Obituario

Leo Beenhakker y el tiempo hecho humo

Leo Beenhakker. Fuente: Wikimedia Commons.

“Si pudiera / a la tienda de los sueños ir a comprar (…) y allí vendieran / billetes para el tren de otra oportunidad”, cantaban Los Suaves. Leo Beenhakker (fallecido ayer, 10 de abril, a los 82 años) siempre será recordado como uno de los mejores entrenadores que han pasado por el Santiago Bernabéu.

Al timón de una de las camadas más talentosas que haya eclosionado en la cantera madridista, la llamada Quinta del Buitre (Míchel, Butragueño, Sanchís, Martín Vázquez…), no solo ganó tres Ligas, sino que lo hizo con un fútbol espectacular, muy ofensivo, divertidísimo de ver, herencia de aquella Naranja Mecánica del 74 que crease su compatriota Rinus Míchels, a quien siempre consideró su maestro táctico.

Le acompañaba además un semblante serio, reflexivo, elegante y educado en sus apariciones ante los medios, con ese aire de modernidad europea que tanto seducía a Ramón Mendoza, presidente por entonces de la entidad blanca.

Sin embargo, para el aficionado madridista –de forma posiblemente tan injusta como caprichosa–, el nombre de Leo Beenhakker siempre irá asociado en la memoria a dos de las espinas más amargamente clavadas en aquel Real Madrid de ensueño (que llegó a encadenar 34 partidos invicto), claveteadas con dolor en el costado.

La primera ocurrió precisamente en Holanda, su tierra natal, en la temporada 1987-88, cuando el Real Madrid cayó eliminado ante el PSV Eindhoven en la Copa de Europa a pesar de no perder ninguno de los dos partidos (lo hizo por el valor doble del gol encajado en Chamartín), cuando era el máximo favorito para ganar dicha competición.

Aquella fue una decepción de dimensiones bíblicas, un partido innombrable que llegaría a ser un verdadero trauma para toda una generación (la cual no se resarciría del disgusto hasta que el gol de MIjatovic rompiera la maldición de la Séptima una década más tarde).

La segunda cornada ocurrió en Tenerife (otro nombre que suena a Waterloo para el madridismo), en el olímpico año de 1992, cuando el Madrid perdió en media hora de caos y despiste una Liga que tenía ya ganada y que voló a Barcelona entre las ondas de los transistores.

En ambos casos, Leo Beenhakker encajó el golpe estoicamente junto al banquillo, aunque echando humo (literalmente). Fumador empedernido, su estampa siempre será asociada a las volutas blancas que exhalaban sus pulmones de forma casi continúa. A pesar de todos sus triunfos, nunca pudo recuperarse de estas dos derrotas.

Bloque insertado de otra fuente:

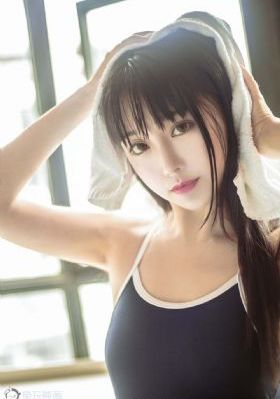 年轻的母亲12_剧情片免费播放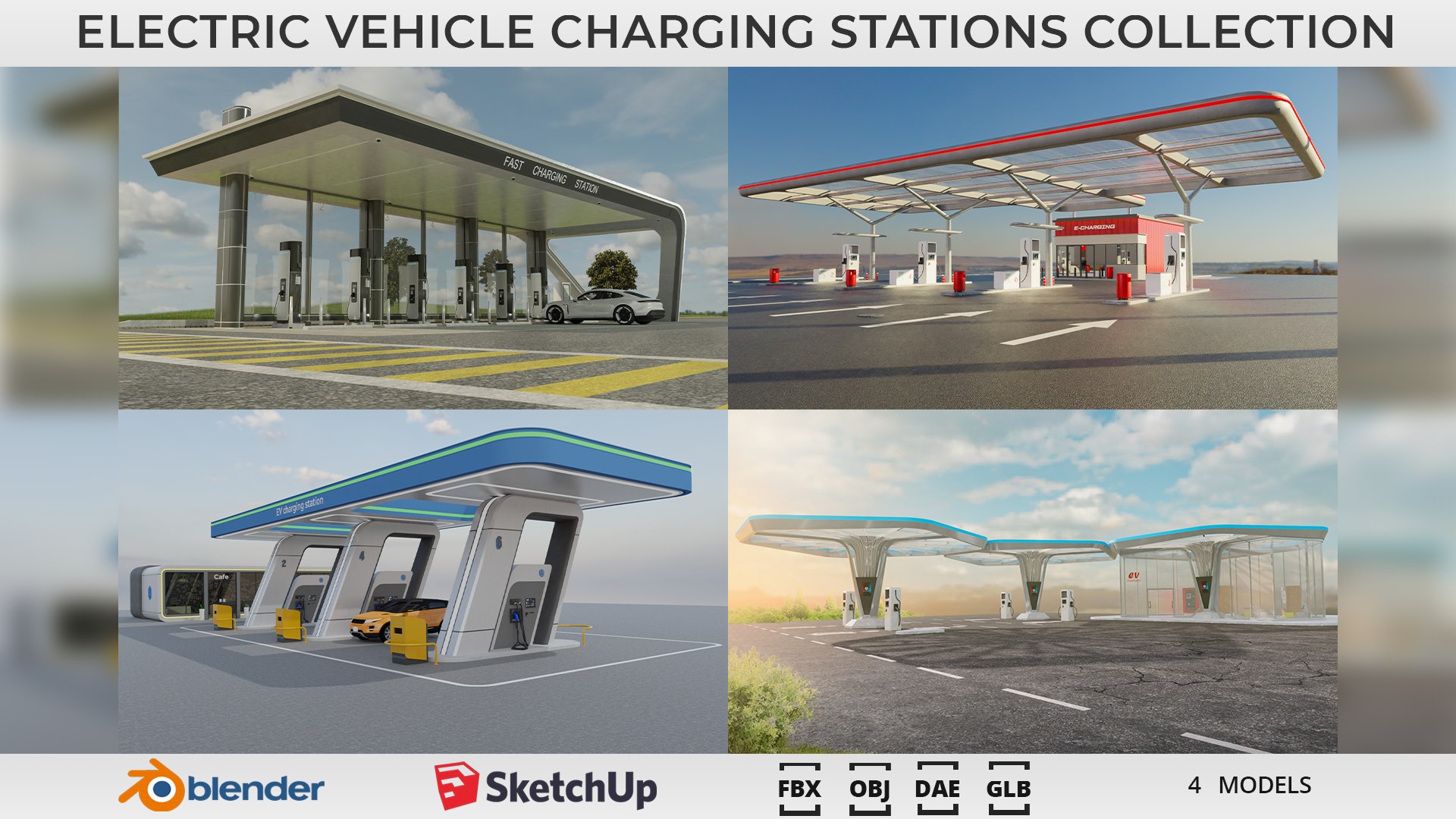 electric-vehicle-charging-stations-3d-turbosquid-2030010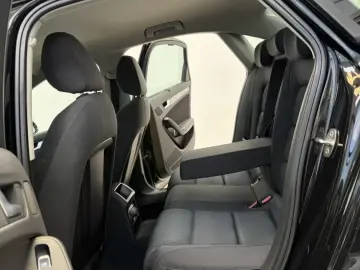 AUDI A4 Business  2013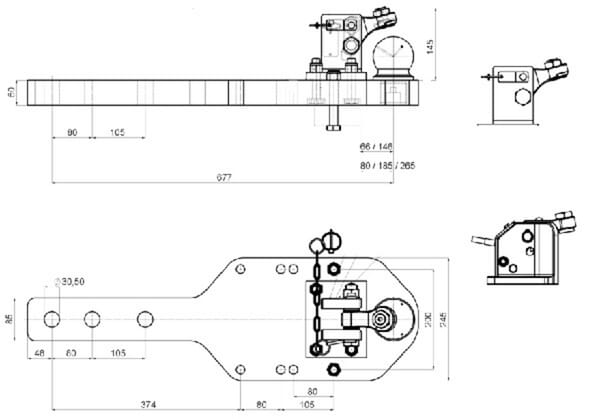 KR004889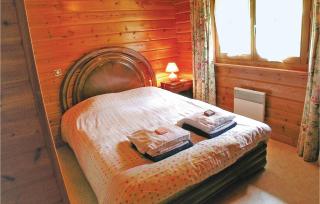 Holiday Home Gotti - 08 - Vecoux - 7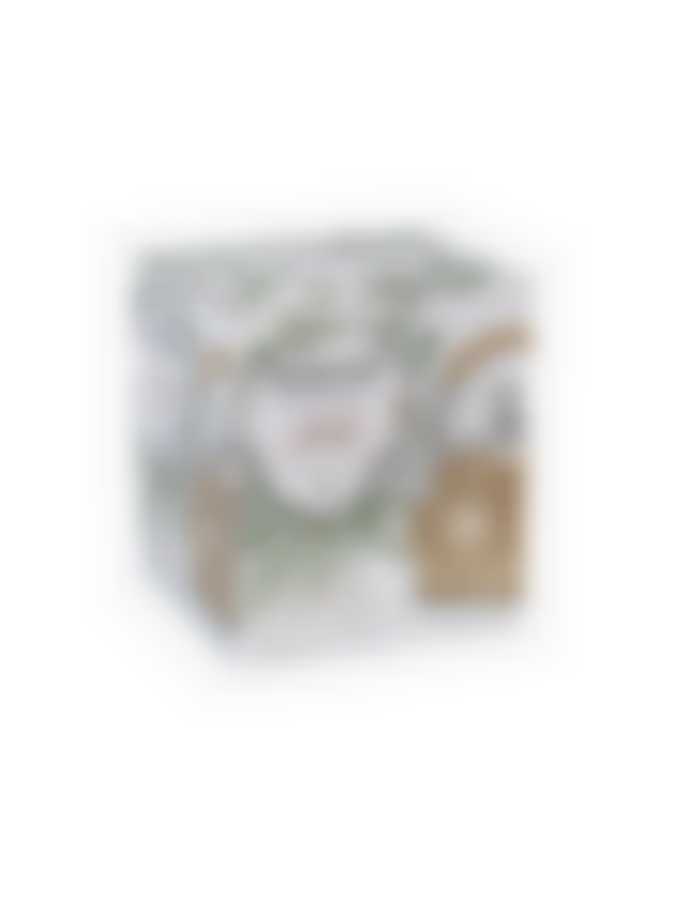 Чайник NATURA, цвет бежевый 3л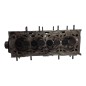 Testata ALFA ROMEO 147 Serie 937 dal 05 al 10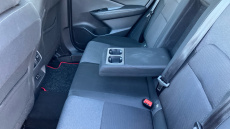 Nissan Qashqai 1.3 DiG-T MH 158 N-Connecta 5dr Xtronic Petrol Hatchback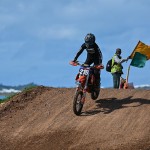 Bermuda Motocross Race Day Feb 13 2022 (12)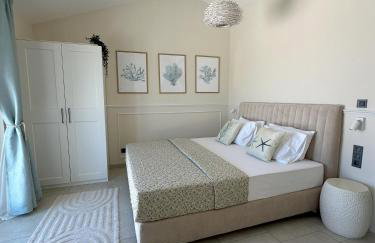 Villa Brachia - Photo 20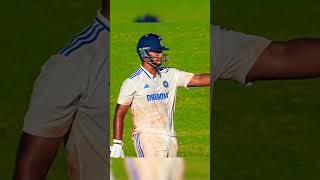 Vaibhav Suryavanshi player IPL 2025 Newz ytshorts shorts vaibhavsuryavanshi ipl2025news cricket [upl. by Hutchings]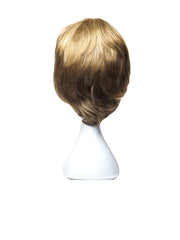 GRETA Mix Blond Auriu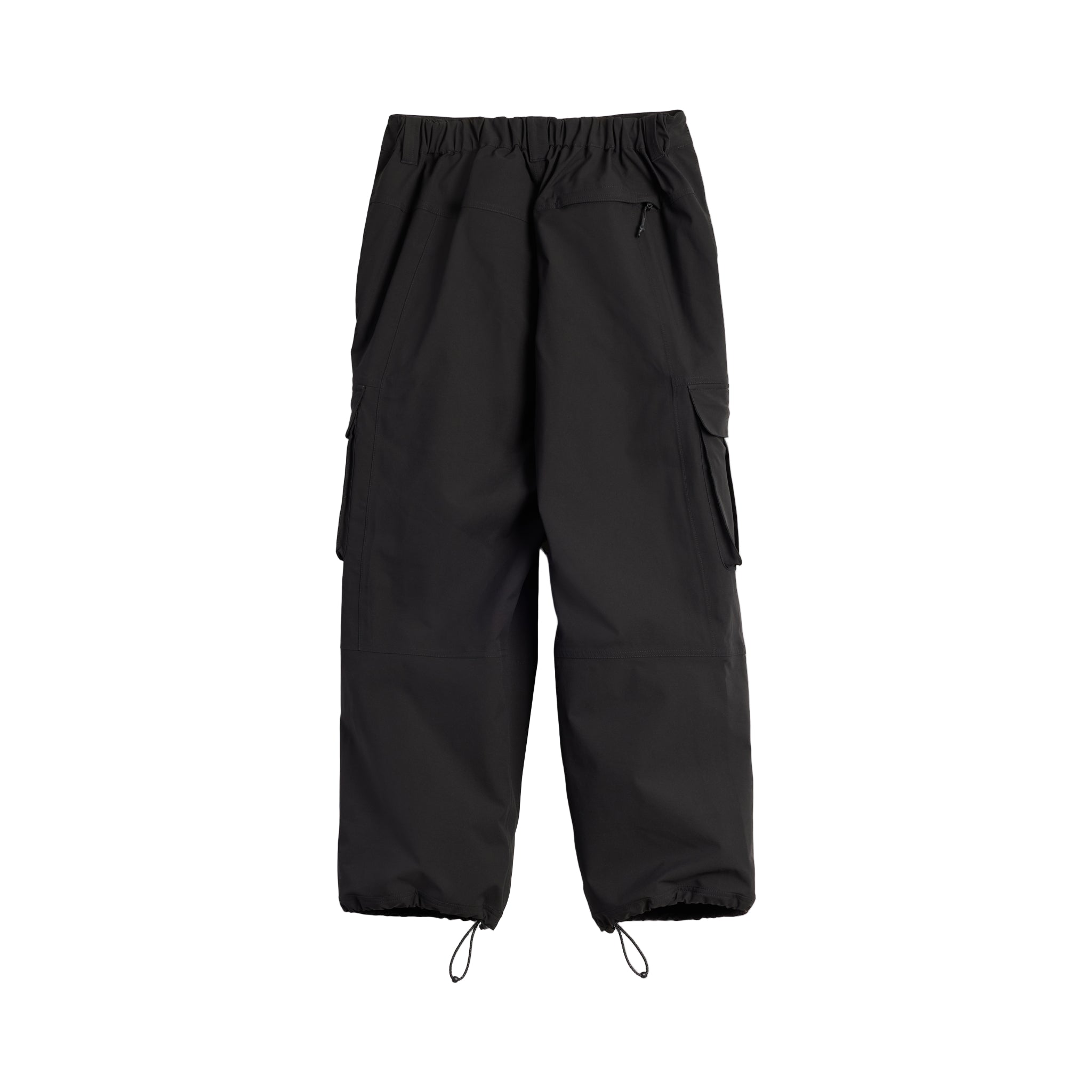 Autumn Reserve 3L Pant - 7B Boardshop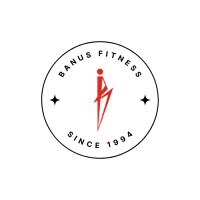 Banu's Total Fitness logo - Similar company to Tranquility Spa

“Si pudiera / a la tienda de los sueños ir a comprar (…) y allí vendieran / billetes para el tren de otra oportunidad”, cantaban Los Suaves. Quién sabe cuántas veces soñó Beenhakker con poder haber regresado a aquellos dos días nefastos y haber cambiar el pasado. Pero el tiempo, por desgracia, ya se había hecho humo.